Cyber Crimes against Women in India by Debarati Halder and K Jaishankar, New Delhi: Sage, 2017; pp xvii + 252, ₹795.

The rapid expansion of internet-enabled media and digital communication technologies in India has sparked a new wave of political enthusiasm among net-savvy citizens and opened up exciting avenues for social relations among millennials. Latest estimates suggest that 30% of Indians have internet access, and a majority of them access the net on mobile phones. However, a persistent gender gap in digital access has accompanied the impressive growth of digital technologies and internet communications. Even more, regressive gender tropes and violence against women have penetrated the digital spaces, leaving the optimists to rethink their pronouncements on the possibility for radical empowerment through the digital.

Debarati Halder and K Jaishankar’s book makes a useful contribution to contemporary debates on digital communications by examining cybercrimes and offences against girls and women in India.

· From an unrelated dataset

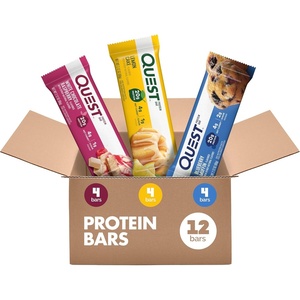 image:imageQuest Nutrition Ultimate Variety Pack Protein Bars High Protein Low Carb Gluten Free Keto Friendly 12 CountFruit Lovers Variety Pack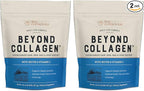Live Conscious Beyond Collagen Multi Collagen Powder w/Types I, II, III, V & X - Keto Friendly, Hydrolyzed Collagen Peptides Powder Blend w/Biotin & Vitamin C (2-Pack)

Taking a sociolegal perspective, the authors provide an up-to-date discussion of the existing legal structure and policy challenges, together with illustrative cases. Scholarship on gender and digital communications in the West has grown tremendously in the last years. Studies on India’s internet landscape are yet to reflect the vast spread and the rapid pace of digital penetration across urban and rural India. Issues of access, digital politics, digital sociality and regulation warrant more empirical work and a systematic documentation of the policy shifts and legal infrastructure.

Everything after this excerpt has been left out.